═══ DATASET CONTENT ═══

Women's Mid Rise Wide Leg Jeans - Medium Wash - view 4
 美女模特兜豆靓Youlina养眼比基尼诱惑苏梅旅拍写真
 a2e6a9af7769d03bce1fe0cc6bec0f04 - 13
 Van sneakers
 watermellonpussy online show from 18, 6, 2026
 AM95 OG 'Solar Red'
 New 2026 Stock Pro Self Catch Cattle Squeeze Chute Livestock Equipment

═══

### AIM OF THE EXERCISE
Starting with the line that holds "a2e6a9af7769d03bce1fe0cc6bec0f04 - 13", copy each remaining line of the listing above exactly, through the last one.

### REPLY
 a2e6a9af7769d03bce1fe0cc6bec0f04 - 13
 Van sneakers
 watermellonpussy online show from 18, 6, 2026
 AM95 OG 'Solar Red'
 New 2026 Stock Pro Self Catch Cattle Squeeze Chute Livestock Equipment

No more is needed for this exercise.